Which small business does not find itself, from time to time, in a similar situation? – unable to meet the week’s payroll, the months’ utility bills, the quarter’s loan amortization, tomorrow’s promised payment to a supplier? But very few businesses would have owners cockeyed enough to think people would readily understand his dilemma.
Cash flow needs to be managed because, as all of you, businessmen know, cash outflows and inflows will almost never occur at the same time. Cash inflows, in fact, have an uncanny way of lagging behind outflows for as long as weeks and months. This shortage is known as the cash flow gap.
Experiencing a cash flow gap occasionally is par for the course. It doesn’t necessarily mean your business is on the verge of collapse. Even the best-managed companies are at the mercy of seasonal fluctuations.
How does one improve cash inflow vis a vis cash outflow? Let’s hear it from the experts – the small businessmen themselves.

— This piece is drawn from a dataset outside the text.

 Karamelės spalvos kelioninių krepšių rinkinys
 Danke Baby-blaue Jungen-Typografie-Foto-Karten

Tom Ranada, proprietor of Uptrend, an importer-distributor of vitamins and food supplements, fills up an occasional cash flow gap by buying on credit. He also gives attractive discounts or rebates on volume sales in order to perk up sales revenues. He also advises cash- strapped entrepreneurs to look around the workplace. Are there surplus or idle equipment or furniture that can be sold? Are there waste materials or by-products that be converted into cash? Tongue in check he adds: “Perhaps the owner has extra time to handle a part-time job.”
Felicitas Borlongan recalls that in the early stages of operationalizing her auto air-conditioning business, Abacus, which she owns with her husband, she barely had cash to buy inventory. What they did to cope with the shortage was to buy just enough motor parts to replace those which were used up on a given day.

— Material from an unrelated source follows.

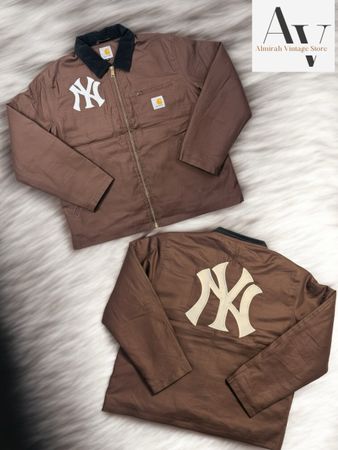Carhartt rework style embroidery yankees brown detroit jacket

Ariel Claudio Co, owner-manager of Innobuild Construction says he takes the trouble to maintain cordial if not friendly relations with his suppliers. If they trust you, he says, you can purchase your materials and supplies on credit rather than cash. If they have become your friends, they give you very generous terms he adds smiling. This has enabled the young engineer-contractor to reserve his cash for his other capital requirements that he cannot defer, for example, paying his work crew.
Look also at the possibility of getting your clients or customers to pay you in advance for their orders, Co advises, but this isn’t likely to happen unless they like your work or services and you are in very good terms with them, too.

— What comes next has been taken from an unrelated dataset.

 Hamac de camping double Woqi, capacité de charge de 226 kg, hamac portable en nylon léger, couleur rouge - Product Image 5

Maldwyn de Pano, President of Design Plus, Inc., a printing shop, also owns or co-owns a string of other companies, including a publishing house, a magazine, and a recording studio. The network of enterprises under his control gives him much elbow room for capital redistribution. He has the authority to transfer funds, up to a certain amount, from a firm that enjoys cash surplus to another that suffers from a deficit. De Pano has gone a long way from the days that he was a struggling upstart in the printing business when all that he could do to fill a cash shortage was to borrow money from his parents, relatives or friends.
If you ask business consultants, on the other hand, they will tell you that the key to improving your cash flow is to delay cash outflows for as long as possible. They’re not saying that you should renege payment: you still need to meet your payables on time. But holding out as long as you can allows you to maximize every peso in your own cash box.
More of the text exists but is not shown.